Recep Tayyip Erdoğan
“Bu sözüne katılıyorum sayın Cumhurbaşkanının, nadiren katıldığım sözlerinden biridir. Evet biz kendisinin bildiği anlamda bir siyasi parti değil, tam da dediği gibi bir organizasyonuz. Hem de büyük, devasa bir halk organizasyonuyuz. Partiler öyledir zaten, siyasi organizasyondurlar. Ama kendisi partileri hep şirket gibi gördü. Anonim şirket. Kar elde eden, kar dağıtan bir şirketi yönetmeye çalışan ve onun başına bir CEO, genel müdür olarak kendini gördü. Biz öyle değiliz, doğru. Biz anonim şirket değiliz. Kar için kurulmadık, hırsızlık için kurulmadık. Siyasi bir organizasyonuz. Cumhurbaşkanı doğru tabir etmiş. Yanlış olan kendisinin partisine yaklaşımıdır. Doğru olan tariflediği şekildedir. Partiler siyasi bir organizasyondur. Kuru bir şirket değildir. Kar için de kurulmazlar, devleti, milleti soymak için hiç kurulmazlar, partiler. Bu sözüne katılıyorum Sayın Cumhurbaşkanının, nadiren katıldığım sözlerinden biridir.”
Tahir Elçi’nin gözaltına alınması
“Çok hazin, üzücü bir durum. İnsanlar fikirlerini açıklamakta serbest olmalı. Korkmamalı. Ne adli ne idari baskıyla karşılaşmamaları gerekir. Tahir Elçi aynı zamanda benim baromun başkanıdır. Ben Diyarbakır Barosu üyesi bir avukatım. Kendisini çok iyi tanırım. Bırakın PKK üyesi, sempatizanı bile değildir. Bir barış adamıdır. İnsan haklarına inanır ve inandığı şeyleri cesurca söyler. PKK’ye yönelik çok sert eleştirileri olan bir insandır. Fakat terör örgütü olarak görmediğini açıklamıştır. Şiddeti övme anlamında kullanmamıştır bunu. Siz bir organizasyonu terör örgütü olarak tanımlarsanız, onunla mücadele yöntemi başkadır. Bir şiddet organizasyonu, fakat toplumsal temeli olan, halkta bir karşılığı olan bir örgüt gibi görürseniz, o şiddetin çözümünün yolu başkadır. Kendisi görebildiğim kadarıyla bunu anlatmaya çalıştı TV programında.
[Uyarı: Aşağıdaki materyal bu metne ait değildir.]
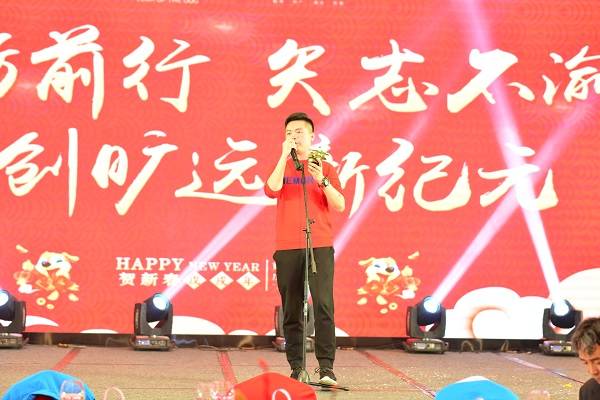 17图为迎春晚会独唱《我们不一样》.jpg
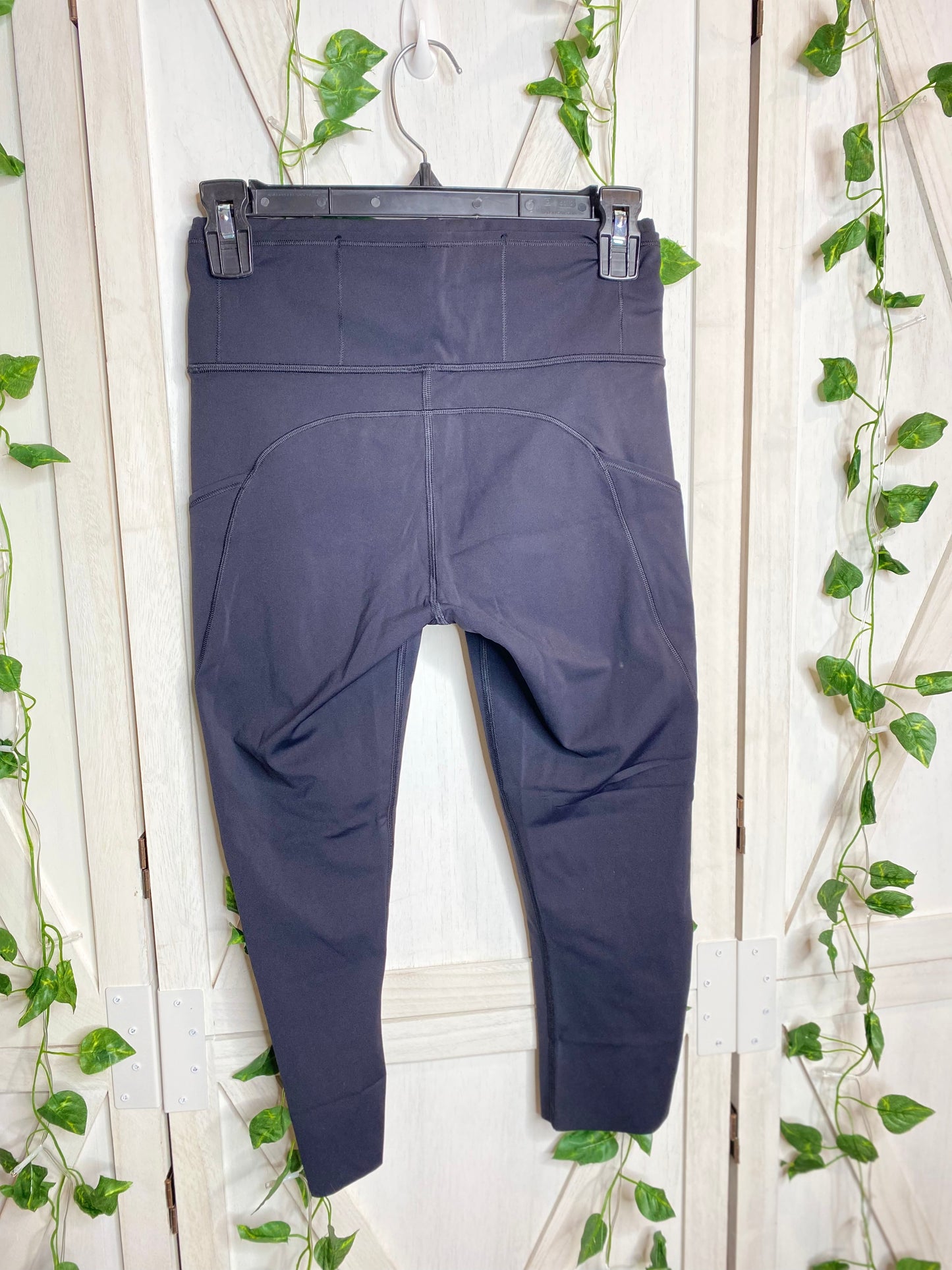 Fast and Free HR Crop 19” *SIZE 6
Fakat o fikri önerisine bile tahammül gösterilmedi. Siyasetin emriyle, doğrudan savcılar talimat alarak, siyasetin güdümünde olduklarını göstererek, bir baro başkanının gece yarısı gözaltına aldırıp, İstanbul’a getirttiler. Tahir Bey çıkıp ‘Ben canlı bombayım’ deseydi bu durumda başbakanın tabiriyle ‘O zaman sana karışamayız, çünkü henüz kendini patlatmadın, serbest bırakın’ derlerdi. Siyasallaşmış bir yargıya kimsenin güveni yoktur.
Tahir Elçi’nin ifadesini almaya çalışan savcılar 2 Kasım’dan itibaren sakın ola ki, ‘Biz efendim anlayamadık, yanlış yaptık’ demeye çalışmasınlar, 2 Kasım’da artık arkalarında bir tek parti hükümeti olmayacak. Hukuk karşısında hepsinden hesap sorulacaktır. Talimat alan savcılar, talimatla karar veren mahkemeler, hepsiyle ilgili soruşturmaların başlatılması için elimizden geleni yapacağız. Sakın ola ki onlar da, önceki savcılar gibi ülkeyi terk etmeye kalkmasınlar.”